La nécessité d’appliquer la loi dans la lutte contre l’évasion fiscale, d’instaurer une justice fiscale, et de partager les sacrifices, dans ce contexte délicat que traverse le pays, tels sont les principales recommandations adressées par les participants à la 4éme session du Forum de la Fiscalité, organisée, jeudi, à Sfax, sous le thème “Les lois de finances en temps de crise”.
Dans son intervention, Fayçal Derbel, ministre conseiller auprès du chef du gouvernement, a critiqué les politiques financières et économiques qui se sont succédé, après la révolution, considérant que les crises vécues par le pays depuis 2011, sur les plans économique et fiscal, sont essentiellement nourries par une “pauvreté de réflexion et une absence de planification”.
Il a aussi dénoncé les amnisties fiscales successives, le recours régulier aux lois de finances complémentaires et les mesures décidées contre l’évasion fiscale qui n’ont fait qu’amplifier le phénomène.

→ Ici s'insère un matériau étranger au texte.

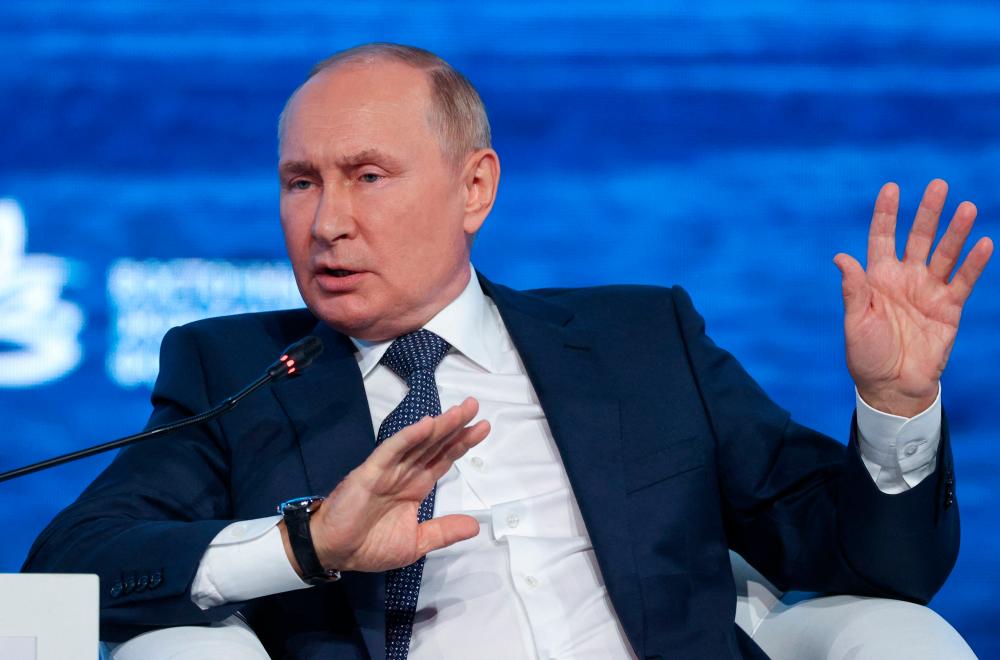 Russian President Vladimir Putin gestures during the plenary session of the 2022 Eastern Economic Forum (EEF) in Vladivostok, Russia September 7, 2022. REUTERSPIX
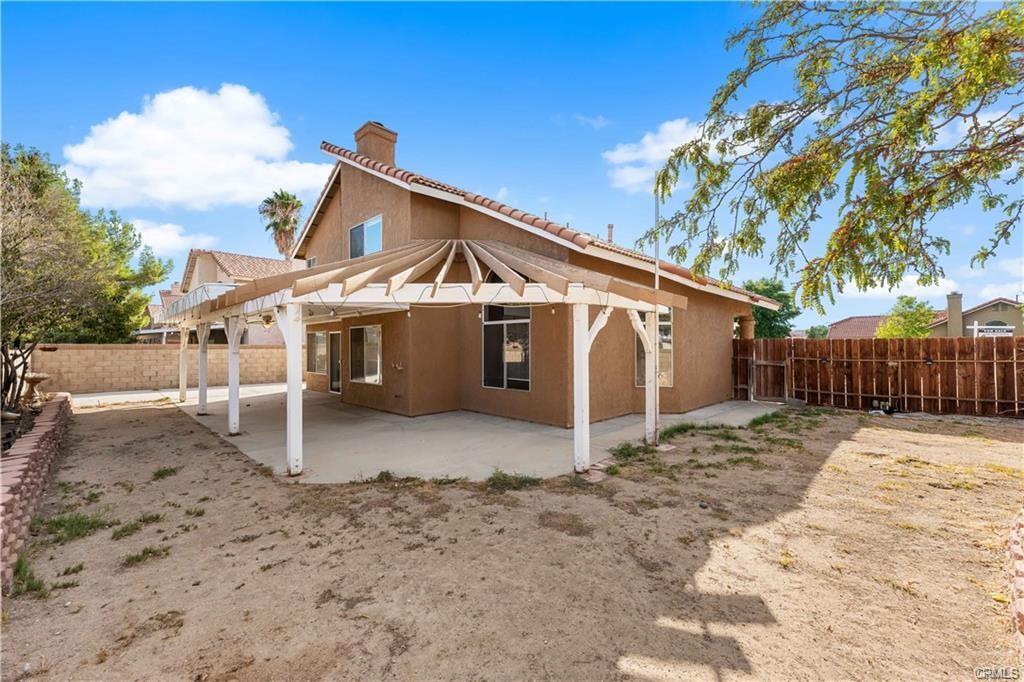 39566 Dunbar St in Palmdale, CA - Building Photo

Il a, par ailleurs, affirmé qu’il n’y a d’autres alternatives que la transparence pour réformer le système fiscal -pilier essentiel de la réforme économique- et affronter les crises financières, exprimant son étonnement quant à la demande incessante d’augmentation des salaires, face aux difficultés que rencontrent l’économie et le budget de l’Etat, et à l’explosion de l’endettement.
Réagissant à l’intervention de Fayçal Derbel, Fadhel Abdelkafi, ministre du Développement, de l’Investissement et de la Coopération internationale, a souligné que le contexte politico-économique exceptionnel et la transition démocratique, que traverse la Tunisie, nécessitent des sacrifices et des efforts de tous, sans exception. Et c’est “cet esprit que doit refléter le dialogue autour de la Loi de finances 2017”.
Abdelkafi s’est dit, en outre, optimiste quant à la capacité de la Tunisie à surmonter les difficultés et de retrouver son équilibre économique, en rétablissant la valeur travail. “Le salut du pays passe par une volonté collective et une détermination de tous de trouver les solutions de sortie de crise qui existent encore”.
De son côté, Hakim Ben Hammouda, ex-ministre de l’Economie et des Finances, a considéré que la situation économique actuelle est critique, et que la lutte contre la contrebande et l’évasion fiscale se heurte souvent à une faible application des mesures décidées dans ce domaine, durant les dernières années.
Pour sa part, Neji Baccouche, professeur de droit, a relevé que le retard enregistré dans la mise en application de la réforme fiscale, n’est pas seulement imputable à la complexité du système fiscal, mais à l’absence de mesures et de programmes bien étudiés. L’universitaire a appelé, à cet égard, à regrouper au sein d’un même code les textes fiscaux dispersés et à ouvrir un vrai dialogue national sur la fiscalité et la réforme fiscale, et les problématiques qui y sont liées et notamment celles de l’évasion et de la fraude fiscales.
Participant au débat, Ahmed Bouzguenda, président de l’IACE, a insisté sur la nécessité de lancer le “chantier fiscal”, dans les plus brefs délais, pour faire face à la crise des finances publiques, qui se traduit par l’incohérence entre les dépenses de gestion et de développement dans le budget de l’Etat, et la contrainte de recourir régulièrement à des lois de finances complémentaires, dont les coûts sont comparables à ceux des lois de finances initiales.
Bouzguenda s’est également interrogé sur les raisons de l’incapacité de résoudre la problématique de la consommation des dépenses du titre II du budget, dont une partie est souvent reconduite vers le titre I, en l’occurrence vers le paiement des salaires.
Ahmed Masmoudi, président de l’IACE, Section Sfax, a pour sa part estimé que les débats qui ont eu lieu durant le Forum pourraient être traduits en recommandations dans l’objectif de favoriser l’identification des solutions aux problématiques soulevées au niveau de la Loi de finances 2017, d’aider les députés à statuer sur cette loi et de réduire le poids des tensions sociales et des tractations politiques, auxquelles cette loi a donné lieu.